La galère de Cythère fait son apparition. Pâris, méconnaissable sous son déguisement de grand augure, annonce le désir de la déesse : Hélène devra l’accompagner à Cythère où elle sacrifiera cent génisses blanches à Vénus. Heureux de s’en tirer à si bon compte, Ménélas accepte. Hélène, qui reconnaît Pâris, hésite un peu mais s’embarque sur l’esquif. Aussitôt que la galère a levé l’ancre, Pâris ôte sa fausse barbe et annonce à Ménélas qu’il emmène Hélène. La guerre de Troie aura bien lieu !

La partition

Acte I : Introduction et chœur ; Chœur et Hélène “Amours divins” ; Chœur et Oreste “C’est Parthoénis et Léoena” ; Air de Pâris “Au mont Ida” ; Marche des Rois de la Grèce ; Chœur “Gloire au berger victorieux”, Hélène, ensemble et final I “Gloire ! gloire ! gloire au berger”.

Acte II : Entracte (orchestre) et chœur “O Reine, en ce jour” ; Invocation à Vénus (Hélène) ; Marche de l’oie ; Scène du jeu “Cessez Calchas” ; Duo Hélène-Pâris “Oui c’est un rêve” (parfois précédé de la Berceuse de Pâris, coupée à la création) ; “Un mari sage” (Hélène), valse “Je crains leur fureur” et final II “A moi ! Rois de la Grèce, à moi !”

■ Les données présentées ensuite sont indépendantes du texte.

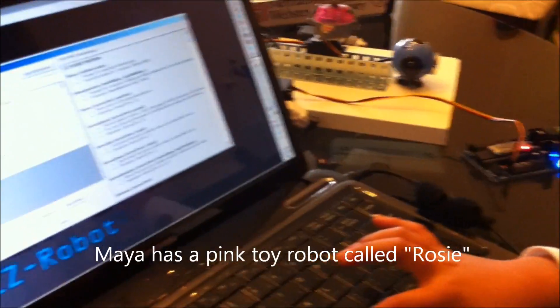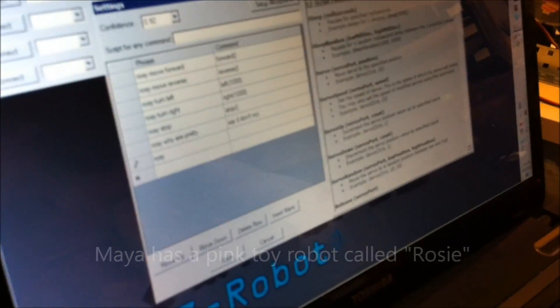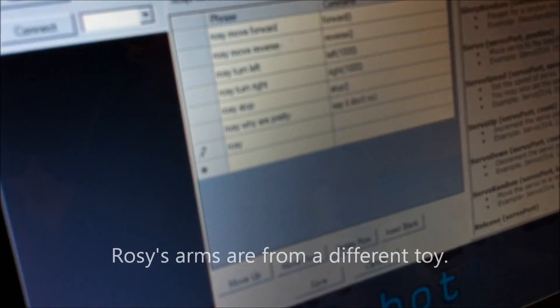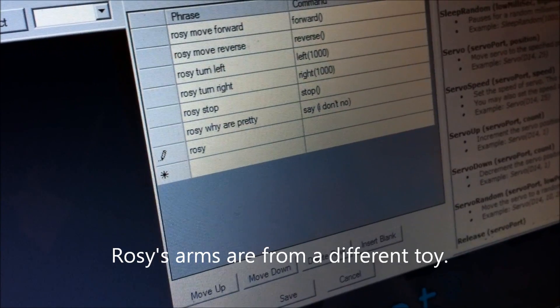So you want Rosie to do what? I want her to lift her right arm up. Okay, so what are you going to ask her? I'm going to ask her — Rosie arm up.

Acte III : Entracte (orchestre), chœur et ronde d’Oreste “Vénus au fond de nos âmes” ; Couplets d’Hélène “Là vrai, je ne suis pas coupable” ; Trio patriotique (Agamemnon, Calchas, Ménélas) ; Chœur “La galère de Cythère”, tyrolienne de Pâris “Soyez gais” ; Final III.

Fiche technique

La Belle Hélène
Opéra bouffe en 3 actes de Henri Meilhac et Ludovic Halévy, musique de Jacques Offenbach. Création à Paris, théâtre des Variétés, le 17 décembre 1864. Avec :
Hortense Schneider (Hélène), Léa Silly (Oreste), José Dupuy (Pâris), Kopp (Ménélas), Grenier (Calchas), Couder (Agamemnon), Guyon (Achille), Hamburger (Ajax I), Andol (Ajax II).
Editions Heugel

Discographie

Intégrales

Felicity Lott, Yann Beuron, Michel Sénéchal, Laurent Naouri, François Le Roux, Marie-Ange Todorovitch. Direction musicale, Marc Minkovski (version Châtelet 2000)
Coffret 2 CD Emi 545477-2

Jessie Norman, John Aller, Charles Burles, Gabriel Bacquier, Jean-Philippe Lafont. Direction musicale, Michel Plasson
Coffret 2 CD Emi 7471578

Jane Rhodes, Rémy Corazza, Jacques Martin, Jules Bastin, Michel Trempont. Direction musicale, Alain. Lombard
Barclays 90 201/02 (2 disques) – repris en 2CD Universal-Accord 461954-2

Danièle Millet, Bernadette Antoine, Charles Burles, Jean-Christophe Benoît, Michel Dens, Luis Masson. Direction musicale, Jean-Pierre Marty
EMI C 193 11194/5 (2 disques) – repris en 1 coffret 2 CD 574085.2

Janine Lindenfelder (Linda Felder), André Dran, Bernard Demigny. Direction musicale, René Leibowitz
Musidisc CV 940/41 (2 disques)

Nicky Nancel, André Battedou, Pierre Tornade, Jean-Laurent Cochet, Michel Roux. Direction musicale, Gérard Calvi
Vega 8054/5 (2 disques)

Maria Murano, Huguette Hennetier, Janette Levasseur, Huguette Prudhon, Marcelle Sansonetti, Gaston Rey, René Lénoty, André Balbon,Claude Devos, Maurice Porterat, Marcel Genio, Lucien Huberty. Orch. Marcel Cariven
RTF 1958 

Sélections

Jane Rhodes, Andrine Forli, Bernard Plantey, Jean Giraudeau, Jacques Doucet. Direction musicale, Manuel Rosenthal
Philips 67 47 183 (Album 2 disques ; deuxième disque : La Vie Parisienne) (la collection de sélections Philips a été reprise en CD)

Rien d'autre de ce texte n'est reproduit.